Moreover, part of compensation is public esteem. When governors mock teachers as lazy, avaricious incompetents, they demean the profession and make it harder to attract the best and brightest. We should be elevating teachers, not throwing darts at them.

Consider three other countries renowned for their educational performance: Singapore, South Korea and Finland. In each country, teachers are drawn from the top third of their cohort, are hugely respected and are paid well (although that’s less true in Finland). In South Korea and Singapore, teachers on average earn more than lawyers and engineers, the McKinsey study found.

“We’re not going to get better teachers unless we pay them more,” notes Amy Wilkins of the Education Trust, an education reform organization. Likewise, Jeanne Allen of the Center for Education Reform says, “We’re the first people to say, throw them $100,000, throw them whatever it takes.”

Both Ms. Wilkins and Ms.

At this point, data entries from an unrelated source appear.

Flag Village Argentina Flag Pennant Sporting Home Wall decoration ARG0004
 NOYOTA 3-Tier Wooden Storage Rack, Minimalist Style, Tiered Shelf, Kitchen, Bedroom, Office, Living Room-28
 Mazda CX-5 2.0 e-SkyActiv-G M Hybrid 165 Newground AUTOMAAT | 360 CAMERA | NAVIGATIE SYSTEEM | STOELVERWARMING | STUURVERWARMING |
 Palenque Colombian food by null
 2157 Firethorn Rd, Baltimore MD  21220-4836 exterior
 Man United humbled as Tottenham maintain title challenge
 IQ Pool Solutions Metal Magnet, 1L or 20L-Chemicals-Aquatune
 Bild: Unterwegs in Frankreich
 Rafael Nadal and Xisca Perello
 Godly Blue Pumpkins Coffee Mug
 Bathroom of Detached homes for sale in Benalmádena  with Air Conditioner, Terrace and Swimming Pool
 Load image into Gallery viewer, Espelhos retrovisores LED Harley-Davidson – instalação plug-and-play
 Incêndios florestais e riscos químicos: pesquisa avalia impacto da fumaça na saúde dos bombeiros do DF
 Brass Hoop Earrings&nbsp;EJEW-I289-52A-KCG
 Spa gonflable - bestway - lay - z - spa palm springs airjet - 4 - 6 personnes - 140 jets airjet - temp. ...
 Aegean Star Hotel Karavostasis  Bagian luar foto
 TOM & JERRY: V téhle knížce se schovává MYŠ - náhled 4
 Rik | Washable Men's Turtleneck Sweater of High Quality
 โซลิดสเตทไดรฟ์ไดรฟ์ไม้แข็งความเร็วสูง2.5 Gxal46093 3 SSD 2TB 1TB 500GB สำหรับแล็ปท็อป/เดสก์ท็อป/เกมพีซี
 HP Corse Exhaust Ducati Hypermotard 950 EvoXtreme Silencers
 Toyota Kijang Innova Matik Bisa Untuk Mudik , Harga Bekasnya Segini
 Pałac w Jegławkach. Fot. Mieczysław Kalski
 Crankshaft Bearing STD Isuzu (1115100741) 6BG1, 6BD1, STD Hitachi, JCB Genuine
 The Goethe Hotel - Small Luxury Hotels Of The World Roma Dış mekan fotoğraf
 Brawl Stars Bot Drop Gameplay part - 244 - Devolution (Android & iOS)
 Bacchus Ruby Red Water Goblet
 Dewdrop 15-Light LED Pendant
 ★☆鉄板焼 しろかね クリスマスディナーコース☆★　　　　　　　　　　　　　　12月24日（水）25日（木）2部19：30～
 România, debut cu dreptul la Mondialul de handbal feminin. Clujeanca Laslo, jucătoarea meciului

Allen add in the next breath that pay should be for performance, with more rigorous evaluation. That makes sense to me.

Starting teacher pay, which now averages $39,000, would have to rise to $65,000 to fill most new teaching positions in high-needs schools with graduates from the top third of their classes, the McKinsey study found. That would be a bargain.

Indeed, it makes sense to cut corners elsewhere to boost teacher salaries. Research suggests that students would benefit from a tradeoff of better teachers but worse teacher-student ratios. Thus there are growing calls for a Japanese model of larger classes, but with outstanding, respected, well-paid teachers.

Teaching is unusual among the professions in that it pays poorly but has strong union protections and lockstep wage increases. It’s a factory model of compensation, and critics are right to fault it. But the bottom line is that we should pay teachers more, not less — and that politicians who falsely lambaste teachers as greedy are simply making it more difficult to attract the kind of above-average teachers our above-average children deserve.